Salah tafsir tentang pemahaman agama lah yang membuat kita seolah gerah atau was-was terhadap kasus yang berbau ‘keajaiban’. Akhirnya kita alergi tehadap semua keajaiban yang Allah anugerahkan kepada para Kekasih-Nya. Masyarakat semakin dijauhkan dengan fenomena keajaiban akibat kelirunya para tokoh media dan Ulama dalam membedah masalah. Akibatnya masyarakat (akibat salah memahami sumber hukum agama) menjadi kehilangan arah dalam membedah kasus kehidupan akibat selalu dibentengi dengan pemahaman istilah syirik, bid’ah atau khurafat yang salah.

Kekeliruan pertama adalah kekeliruan masyarakat ketika berinteraksi dengan dunia pengobatan. Sebelum munculnya 'Ponari dan batunya' itu mungkin secara sadar maupun tidak sadar beranggapan bahwa aneka obat herbal atau obat medis lainnya dianggap sebagai penyembuh. Mereka tidak mendudukkan peran obat sebagai wasilah dan menyandarkan hakikat segala sesuatunya kepada Allah SWT yang menyembuhkan.

Akhirnya kunci yang amat menentukan adalah niat seseorang dalam berbuat sesuatu. Dengan berpijak pada kaidah ‘Semua bergantung kepada niat’, maka dalam kasus ini niat mereka yang berobatlah yang perlu diluruskan. Kalau sudah lurus niatnya, mereka yang berobat (kepada siapapun baik kepada Ponari maupun ke dokter) akan menyatakan bahwa ia berobat dengan wasilah Ponari atau dokter, namun Allah lah yang menyembuhkannya.

Kita perlu menarik hikmah kejadian demi kejadian unik dan luar biasa belakangan ini agar bisa memposisikan penilaian kita dengan benar dalam kehidupan kita yang lain. Betapa banyak penyimpangan yang terjadi akibat lemahnya pengetahuan kita dalam merumuskan persoalan berdasarkan kaidah Aqidah yang lurus. Akhirnya baik orang yang berbuat maupun yang menilai sama-sama keliru menyikapinya.

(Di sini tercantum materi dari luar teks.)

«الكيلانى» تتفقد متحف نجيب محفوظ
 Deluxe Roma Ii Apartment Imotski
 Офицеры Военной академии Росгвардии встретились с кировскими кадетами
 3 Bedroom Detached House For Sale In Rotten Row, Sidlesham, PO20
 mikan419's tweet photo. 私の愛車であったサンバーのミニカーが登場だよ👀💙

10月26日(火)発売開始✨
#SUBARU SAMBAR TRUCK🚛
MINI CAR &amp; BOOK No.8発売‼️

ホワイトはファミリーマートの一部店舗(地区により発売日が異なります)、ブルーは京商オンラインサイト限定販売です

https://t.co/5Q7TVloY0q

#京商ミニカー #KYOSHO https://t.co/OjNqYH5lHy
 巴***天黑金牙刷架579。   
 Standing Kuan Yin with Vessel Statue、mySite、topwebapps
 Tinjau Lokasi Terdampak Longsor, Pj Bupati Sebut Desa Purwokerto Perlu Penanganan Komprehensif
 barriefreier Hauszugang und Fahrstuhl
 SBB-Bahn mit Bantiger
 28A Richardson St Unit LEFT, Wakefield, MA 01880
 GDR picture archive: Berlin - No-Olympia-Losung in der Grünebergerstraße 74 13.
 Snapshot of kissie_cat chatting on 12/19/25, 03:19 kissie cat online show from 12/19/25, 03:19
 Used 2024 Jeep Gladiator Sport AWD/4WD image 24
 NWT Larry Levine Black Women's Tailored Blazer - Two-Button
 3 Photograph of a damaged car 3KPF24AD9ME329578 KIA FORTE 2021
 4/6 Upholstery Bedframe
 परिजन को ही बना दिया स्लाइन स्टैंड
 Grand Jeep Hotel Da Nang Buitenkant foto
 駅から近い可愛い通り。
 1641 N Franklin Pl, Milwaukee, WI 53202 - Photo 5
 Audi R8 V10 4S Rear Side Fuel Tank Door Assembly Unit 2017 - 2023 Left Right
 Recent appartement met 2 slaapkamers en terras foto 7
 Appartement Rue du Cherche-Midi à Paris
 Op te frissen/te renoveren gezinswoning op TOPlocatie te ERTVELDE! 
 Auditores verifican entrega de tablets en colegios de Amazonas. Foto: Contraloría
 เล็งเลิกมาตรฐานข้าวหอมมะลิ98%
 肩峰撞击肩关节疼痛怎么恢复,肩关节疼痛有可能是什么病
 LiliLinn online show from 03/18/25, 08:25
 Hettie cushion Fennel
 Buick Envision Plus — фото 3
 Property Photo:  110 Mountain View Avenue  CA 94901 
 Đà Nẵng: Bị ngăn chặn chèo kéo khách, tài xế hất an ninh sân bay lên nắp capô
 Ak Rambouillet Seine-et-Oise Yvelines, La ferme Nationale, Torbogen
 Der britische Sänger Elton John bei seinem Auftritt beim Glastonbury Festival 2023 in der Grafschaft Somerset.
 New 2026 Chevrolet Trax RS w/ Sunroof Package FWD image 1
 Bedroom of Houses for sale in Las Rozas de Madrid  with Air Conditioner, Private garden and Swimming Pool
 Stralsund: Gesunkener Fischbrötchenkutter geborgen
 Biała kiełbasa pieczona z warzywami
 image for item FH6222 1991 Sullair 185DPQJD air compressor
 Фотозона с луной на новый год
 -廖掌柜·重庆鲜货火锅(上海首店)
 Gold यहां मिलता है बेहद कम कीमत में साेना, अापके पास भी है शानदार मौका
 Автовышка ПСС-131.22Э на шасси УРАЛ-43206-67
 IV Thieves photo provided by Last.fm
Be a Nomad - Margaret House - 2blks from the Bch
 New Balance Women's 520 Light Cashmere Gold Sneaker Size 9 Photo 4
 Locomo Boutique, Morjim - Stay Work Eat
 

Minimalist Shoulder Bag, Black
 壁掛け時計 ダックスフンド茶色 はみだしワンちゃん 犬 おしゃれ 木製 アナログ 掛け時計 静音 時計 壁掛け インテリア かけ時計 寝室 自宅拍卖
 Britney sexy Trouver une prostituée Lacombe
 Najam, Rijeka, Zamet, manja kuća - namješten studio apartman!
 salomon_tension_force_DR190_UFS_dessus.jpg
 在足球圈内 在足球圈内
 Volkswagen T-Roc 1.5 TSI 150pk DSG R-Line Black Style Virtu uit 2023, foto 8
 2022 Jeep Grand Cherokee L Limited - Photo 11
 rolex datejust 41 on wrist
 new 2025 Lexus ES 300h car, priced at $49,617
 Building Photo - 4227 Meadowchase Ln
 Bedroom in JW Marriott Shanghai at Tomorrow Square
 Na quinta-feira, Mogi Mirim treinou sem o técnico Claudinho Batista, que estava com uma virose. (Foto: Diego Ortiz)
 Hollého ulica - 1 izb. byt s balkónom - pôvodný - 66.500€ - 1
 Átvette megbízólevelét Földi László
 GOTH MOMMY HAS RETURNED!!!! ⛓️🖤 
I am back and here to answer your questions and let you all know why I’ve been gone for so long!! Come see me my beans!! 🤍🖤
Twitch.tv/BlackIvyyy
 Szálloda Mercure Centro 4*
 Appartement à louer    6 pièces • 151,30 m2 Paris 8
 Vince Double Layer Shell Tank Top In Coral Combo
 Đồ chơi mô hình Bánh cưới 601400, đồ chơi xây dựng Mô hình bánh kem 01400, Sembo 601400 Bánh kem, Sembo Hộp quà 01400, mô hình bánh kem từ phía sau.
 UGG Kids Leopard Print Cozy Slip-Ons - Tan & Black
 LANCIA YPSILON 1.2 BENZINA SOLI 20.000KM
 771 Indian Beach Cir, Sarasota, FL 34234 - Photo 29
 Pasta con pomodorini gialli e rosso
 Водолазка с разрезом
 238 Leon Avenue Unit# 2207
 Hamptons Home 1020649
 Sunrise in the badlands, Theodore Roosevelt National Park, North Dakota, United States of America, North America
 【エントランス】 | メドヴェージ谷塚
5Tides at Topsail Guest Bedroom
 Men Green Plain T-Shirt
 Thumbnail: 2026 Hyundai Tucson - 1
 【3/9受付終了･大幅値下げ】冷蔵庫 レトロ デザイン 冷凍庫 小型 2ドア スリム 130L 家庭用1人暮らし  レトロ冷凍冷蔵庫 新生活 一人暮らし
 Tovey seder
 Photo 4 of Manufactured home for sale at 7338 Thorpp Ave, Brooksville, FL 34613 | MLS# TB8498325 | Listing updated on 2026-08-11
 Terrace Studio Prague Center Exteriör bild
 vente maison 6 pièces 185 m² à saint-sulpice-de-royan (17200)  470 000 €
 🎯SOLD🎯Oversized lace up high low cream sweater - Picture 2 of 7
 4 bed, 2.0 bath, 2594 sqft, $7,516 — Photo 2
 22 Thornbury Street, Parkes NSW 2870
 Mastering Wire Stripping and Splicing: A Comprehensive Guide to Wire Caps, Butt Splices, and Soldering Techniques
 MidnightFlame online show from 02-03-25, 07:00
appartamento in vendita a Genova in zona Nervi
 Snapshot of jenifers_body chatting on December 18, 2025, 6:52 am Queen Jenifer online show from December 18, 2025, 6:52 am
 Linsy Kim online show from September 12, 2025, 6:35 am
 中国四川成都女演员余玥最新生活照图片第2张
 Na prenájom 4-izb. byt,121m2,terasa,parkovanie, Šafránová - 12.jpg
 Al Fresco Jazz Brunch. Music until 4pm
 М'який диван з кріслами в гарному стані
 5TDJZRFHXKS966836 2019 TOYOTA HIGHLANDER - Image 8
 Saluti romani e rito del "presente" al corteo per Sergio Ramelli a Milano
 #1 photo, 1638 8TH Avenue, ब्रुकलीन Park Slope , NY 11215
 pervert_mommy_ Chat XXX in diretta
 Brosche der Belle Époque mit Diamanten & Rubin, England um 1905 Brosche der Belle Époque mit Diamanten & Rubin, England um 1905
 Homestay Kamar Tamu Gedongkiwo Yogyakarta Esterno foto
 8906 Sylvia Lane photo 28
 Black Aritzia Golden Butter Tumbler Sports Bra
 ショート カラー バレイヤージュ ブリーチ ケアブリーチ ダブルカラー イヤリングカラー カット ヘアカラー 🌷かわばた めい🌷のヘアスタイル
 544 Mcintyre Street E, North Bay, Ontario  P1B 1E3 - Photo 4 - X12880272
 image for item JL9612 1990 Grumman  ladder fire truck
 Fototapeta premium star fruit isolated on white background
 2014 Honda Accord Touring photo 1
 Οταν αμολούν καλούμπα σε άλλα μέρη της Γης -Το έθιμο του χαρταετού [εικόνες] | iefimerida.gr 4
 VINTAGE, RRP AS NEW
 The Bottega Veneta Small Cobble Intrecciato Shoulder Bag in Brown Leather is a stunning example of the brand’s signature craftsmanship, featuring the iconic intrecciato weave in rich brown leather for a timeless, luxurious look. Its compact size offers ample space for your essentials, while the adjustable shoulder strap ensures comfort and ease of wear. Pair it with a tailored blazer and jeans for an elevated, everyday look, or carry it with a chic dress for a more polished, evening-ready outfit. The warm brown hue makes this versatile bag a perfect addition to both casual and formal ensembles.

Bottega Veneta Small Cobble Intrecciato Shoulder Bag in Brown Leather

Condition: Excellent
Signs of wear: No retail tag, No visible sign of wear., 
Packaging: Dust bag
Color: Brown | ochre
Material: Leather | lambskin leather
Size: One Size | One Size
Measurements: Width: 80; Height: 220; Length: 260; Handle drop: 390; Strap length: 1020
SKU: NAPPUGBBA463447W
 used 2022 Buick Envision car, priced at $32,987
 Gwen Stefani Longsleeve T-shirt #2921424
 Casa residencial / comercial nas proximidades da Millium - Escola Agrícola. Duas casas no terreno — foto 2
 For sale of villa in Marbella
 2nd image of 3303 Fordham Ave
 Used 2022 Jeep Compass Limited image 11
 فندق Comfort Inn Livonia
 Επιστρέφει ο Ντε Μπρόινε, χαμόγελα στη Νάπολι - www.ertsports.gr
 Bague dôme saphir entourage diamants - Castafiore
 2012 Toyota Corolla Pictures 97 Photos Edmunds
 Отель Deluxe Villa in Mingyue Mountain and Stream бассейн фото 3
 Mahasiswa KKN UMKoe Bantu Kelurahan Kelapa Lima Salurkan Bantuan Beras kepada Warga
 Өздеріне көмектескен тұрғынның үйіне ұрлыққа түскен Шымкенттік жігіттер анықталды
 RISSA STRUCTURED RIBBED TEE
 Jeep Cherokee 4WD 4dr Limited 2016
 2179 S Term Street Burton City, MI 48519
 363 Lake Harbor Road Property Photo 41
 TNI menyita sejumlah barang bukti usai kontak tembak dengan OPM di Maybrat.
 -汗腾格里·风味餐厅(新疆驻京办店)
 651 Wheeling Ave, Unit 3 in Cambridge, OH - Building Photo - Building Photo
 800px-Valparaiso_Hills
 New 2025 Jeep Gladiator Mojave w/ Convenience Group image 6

Dalam dunia perobatan saja kita mengenal adanya perantara untuk menyembuhkan, tapi mengapa untuk beribadah kepada Allah kita merasa tidak memerlukan perantara untuk menyampaikan. Adalah hal yang tidak logis.

Kasus Ponari menyelipkan kesimpulan betapa perilaku masyarakat dewasa ini banyak yang melupakan Allah SWT. Mereka menginginkan sesuatu yang instan dalam kehidupan ini. Kesembuhan yang ajaib dan seketika. Sama halnya dengan instannya dalam beribadah kepada Allah, dengan tanpa wasilah yang menyampaikan kepada-Nya. Karena wasilah atau perantara adalah sesuatu yang niscaya. Karena kalau tidak, Allah tidak menciptakan para malaikat dan para Utusan-Nya ke muka bumi ini.

Jakarta, 19 Februari 2009.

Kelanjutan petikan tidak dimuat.